Department of Psychiatry, Graduate School of Medicine, Kyoto University, Kyoto, Japan.
Human Brain Research Center, Graduate School of Medicine, Kyoto University, Kyoto, Japan.
Schizophr Bull. 2017 Jul 1;43(4):900-906. doi: 10.1093/schbul/sbw176.
Schizophrenia is an etiologically and clinically heterogeneous disorder. Although neuroimaging studies have revealed brain alterations in schizophrenia, most studies have assumed that the disorder is a single entity, neglecting the diversity of alterations observed in the disorder. The current study sought to explore the distinct patterns of altered cortical thickness in patients with schizophrenia and healthy individuals using a data-driven approach. Unsupervised clustering using self-organizing maps followed by a K-means algorithm was applied to regional cortical thickness data in 108 schizophrenia patients and 121 healthy controls. After clustering, the clinical characteristics and cortical thickness patterns of each cluster were assessed. Unsupervised clustering revealed that a 6-cluster solution was the most appropriate in this sample. There was substantial overlap between the patterns of cortical thickness in schizophrenia patients and healthy controls, although the distributions of the patients and controls differed across the clusters. The patterns of altered cortical thickness in schizophrenia exhibited cluster-specific features; patients within a cluster exhibited the most extensive cortical thinning, particularly in the medial prefrontal and temporal regions, while those in other clusters exhibited reduced cortical thickness in the medial frontal region or temporal lobe. Furthermore, in the schizophrenia group, extensive cortical thinning was correlated with a higher dosage of antipsychotic medication, while preserved cortical thickness appeared to be linked to less negative symptoms. This data-driven neuroimaging approach revealed distinct patterns of cortical thinning in schizophrenia, possibly reflecting the etiological heterogeneity of the disorder.

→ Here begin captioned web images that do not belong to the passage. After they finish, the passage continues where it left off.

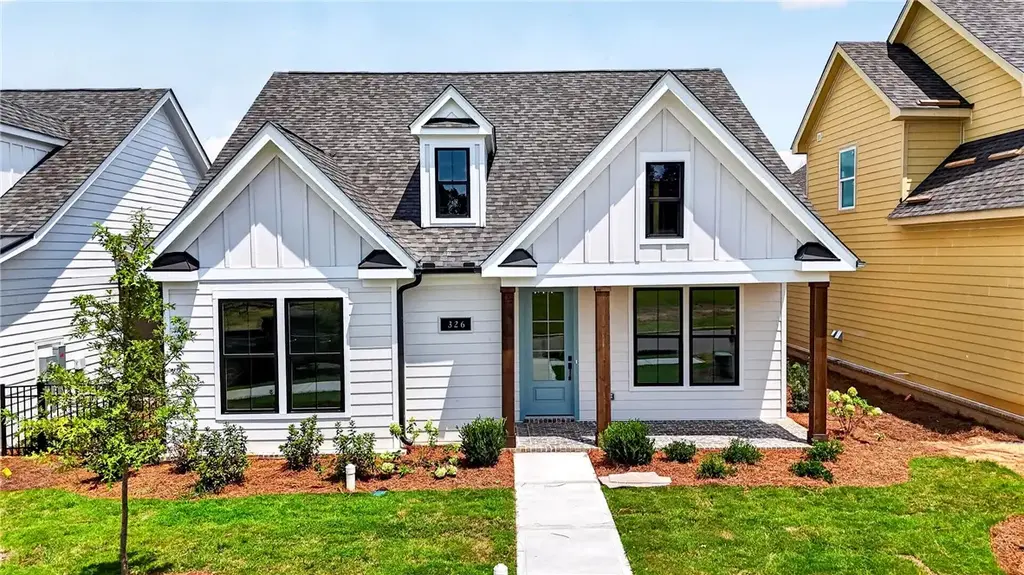 326 Coscoroba Rd, Auburn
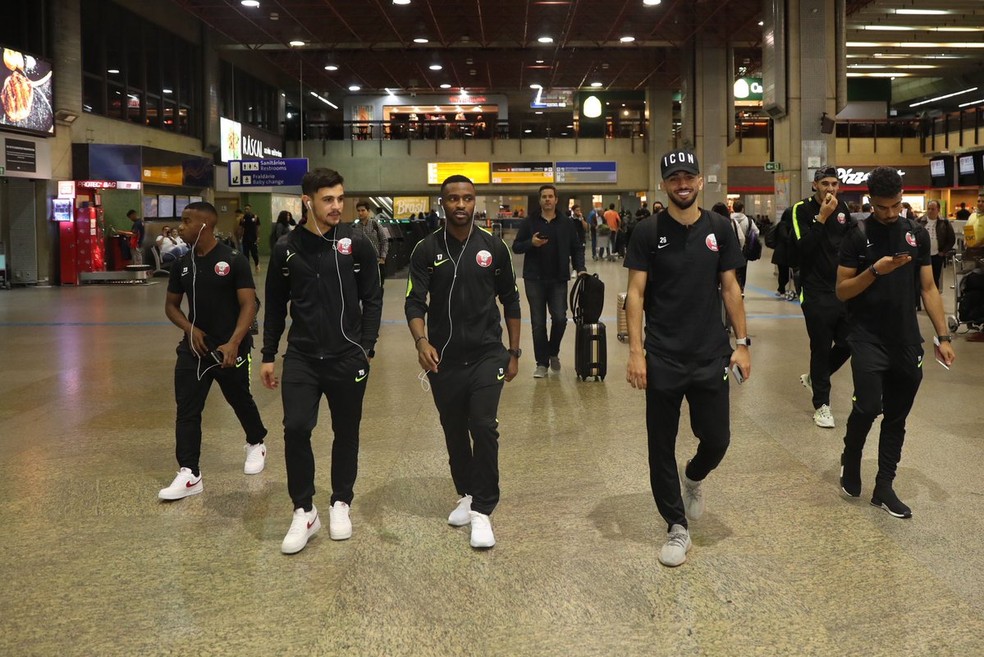 Elenco desembarcou no Brasil de madrugada — Foto: Reprodução/Twitter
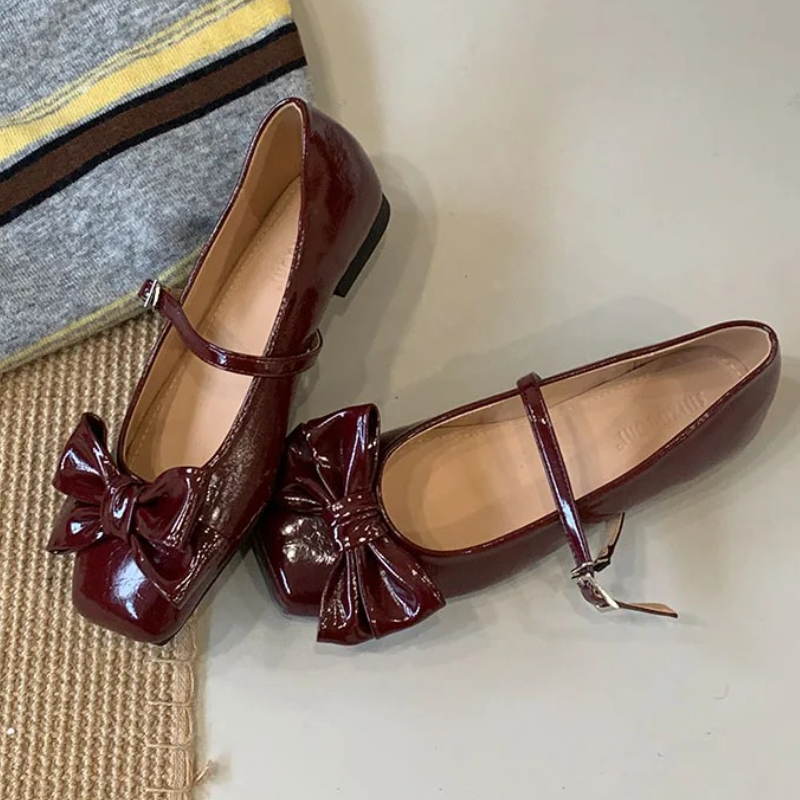 Sevimli Fiyonklu Kare Burunlu  - Women Shoes Brand incelemesi ve fiyatı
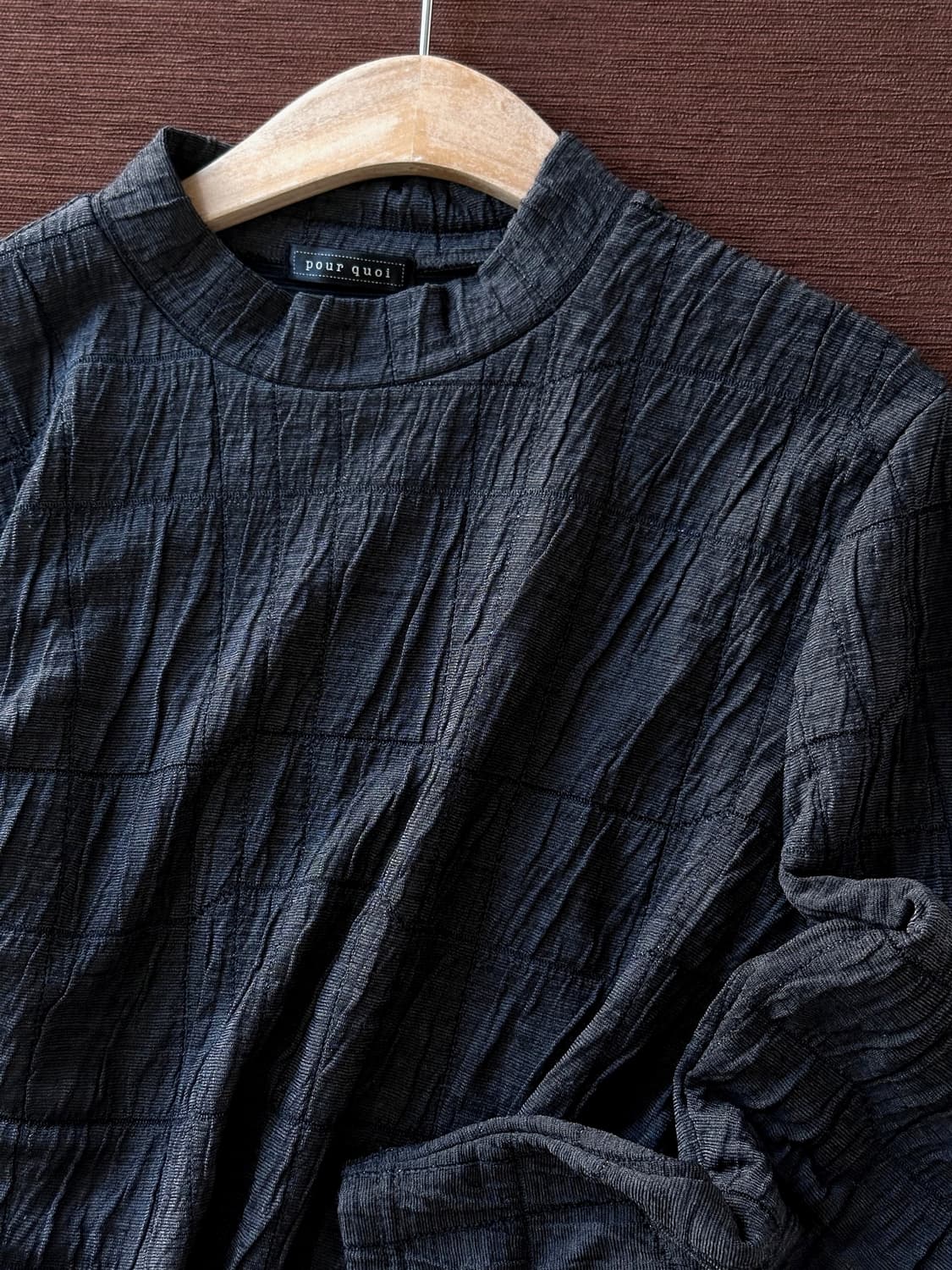 Volume pattern fabric stretched top 상품이미지1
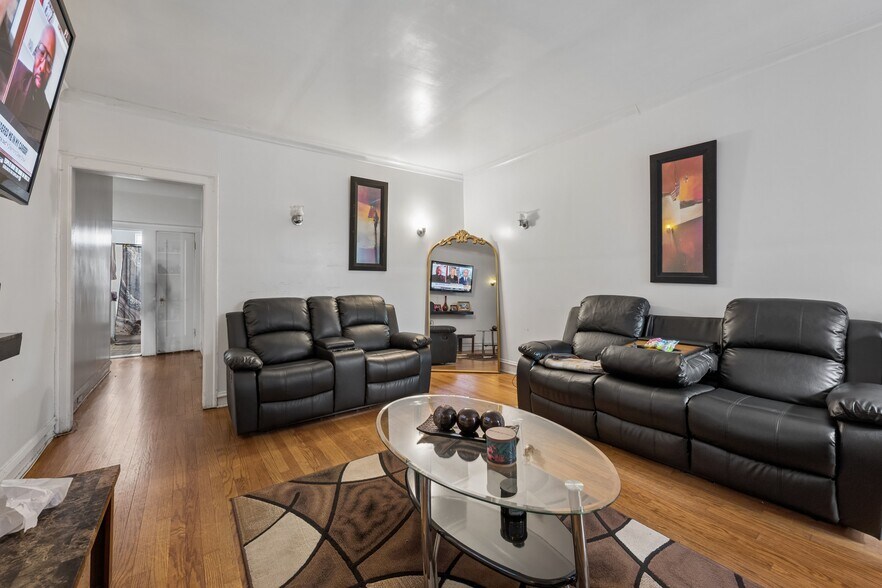 More Photos Of 8018-8020 S Eberhart Ave, Chicago Apartments For Sale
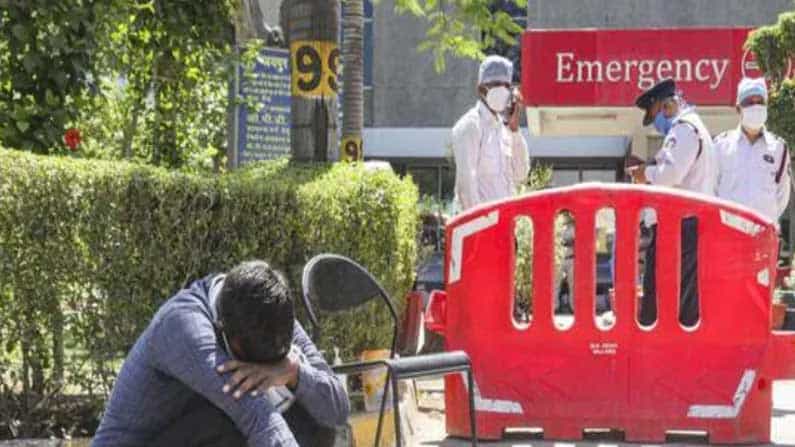 Oxygen Shortage: ಹರ್ಯಾಣದ ಆಸ್ಪತ್ರೆಯಲ್ಲಿ ವೈದ್ಯಕೀಯ ಆಮ್ಲಜನಕ ಸಿಗದೆ 5 ರೋಗಿಗಳು ಸಾವು Oxygen Shortage: ಹರ್ಯಾಣದ ಆಸ್ಪತ್ರೆಯಲ್ಲಿ ವೈದ್ಯಕೀಯ ಆಮ್ಲಜನಕ ಸಿಗದೆ 5 ರೋಗಿಗಳು ಸಾವು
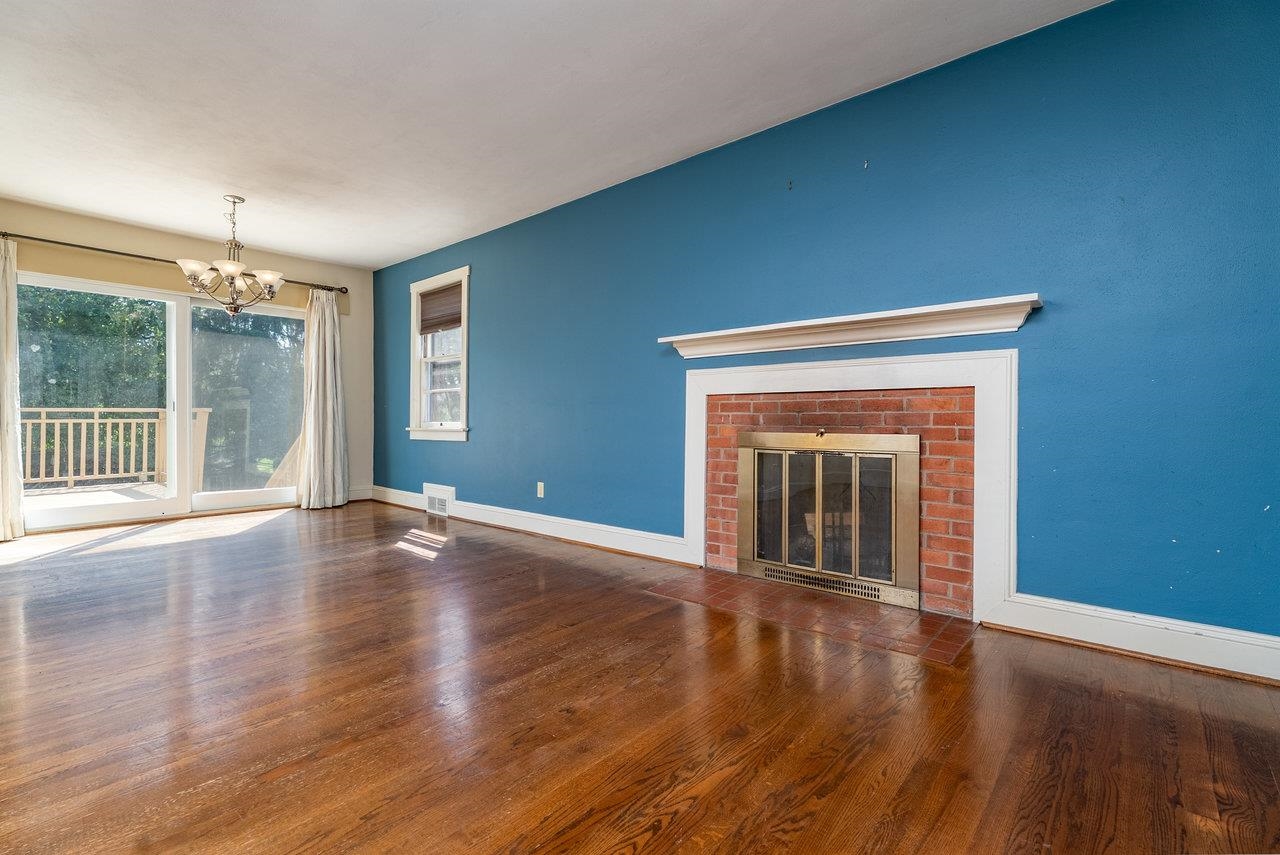 340 NEW YORK AVE, HARRISONBURG, Virginia 22801, 4 Bedrooms Bedrooms, ,3 BathroomsBathrooms,Residential,340 NEW YORK AVE,666186 MLS # 666186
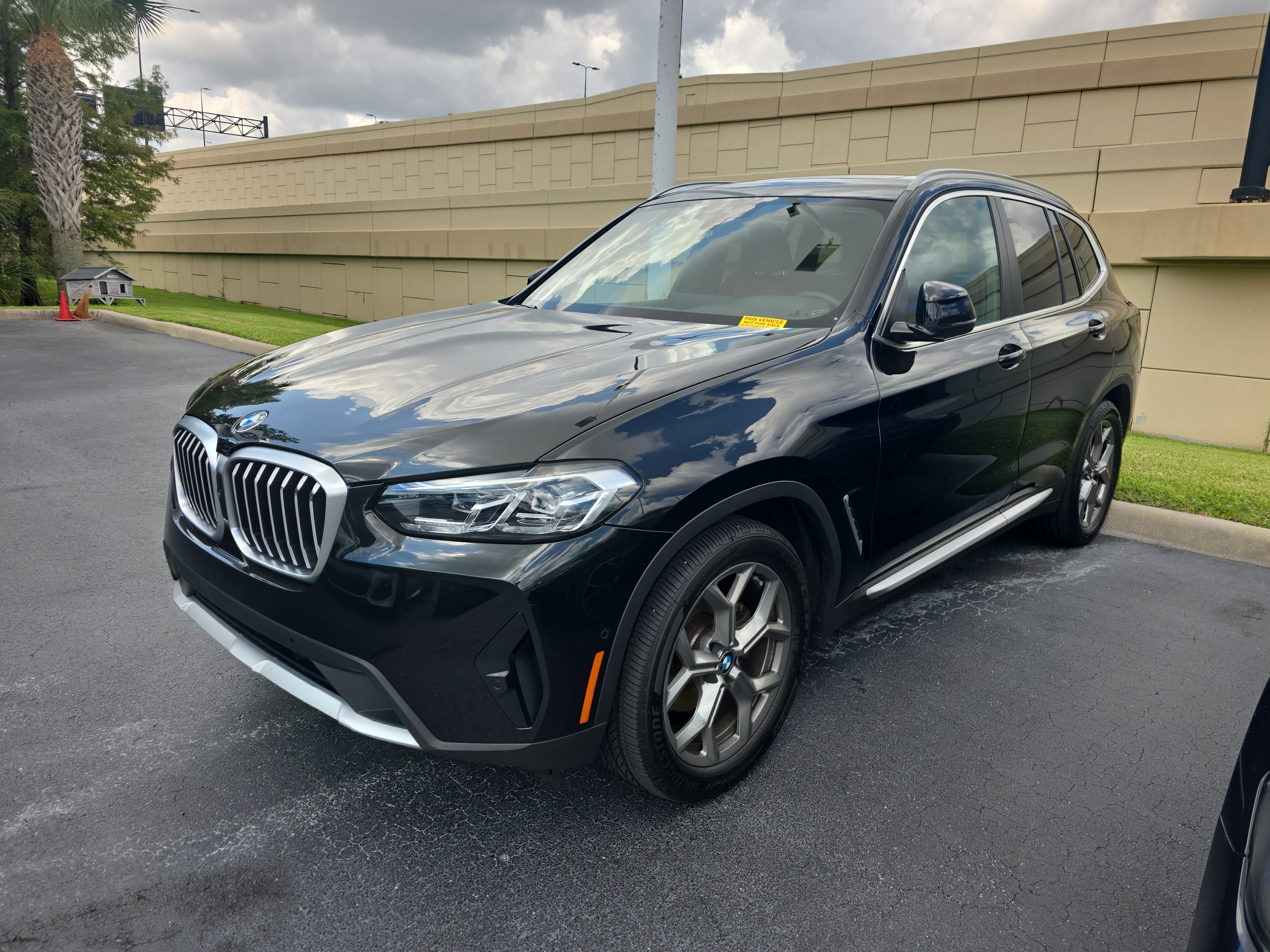 Used 2023 BMW X3 sDrive30i w/ Premium Package RWD image 3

精神分裂症是一种病因学和临床表现均存在异质性的疾病。尽管神经影像学研究已经揭示了精神分裂症患者的大脑改变,但大多数研究都假设该疾病是单一实体,忽略了该疾病中观察到的多样性改变。本研究旨在使用数据驱动的方法探讨精神分裂症患者和健康个体之间皮质厚度改变的不同模式。使用自组织映射的无监督聚类,然后使用 K-均值算法,对 108 名精神分裂症患者和 121 名健康对照者的局部皮质厚度数据进行了分析。聚类后,评估了每个聚类的临床特征和皮质厚度模式。无监督聚类表明,在该样本中,6 聚类解决方案是最合适的。尽管患者和对照组的分布在聚类之间存在差异,但精神分裂症患者和健康对照组之间的皮质厚度模式存在很大重叠。精神分裂症患者的皮质厚度改变模式具有聚类特异性;一个聚类内的患者表现出最广泛的皮质变薄,特别是在前内侧额和颞叶区域,而其他聚类的患者则表现出内侧额叶或颞叶皮质厚度减少。此外,在精神分裂症组中,广泛的皮质变薄与抗精神病药物剂量的增加相关,而皮质厚度的保持似乎与较少的阴性症状有关。这种基于数据的神经影像学方法揭示了精神分裂症皮质变薄的不同模式,可能反映了该疾病的病因异质性。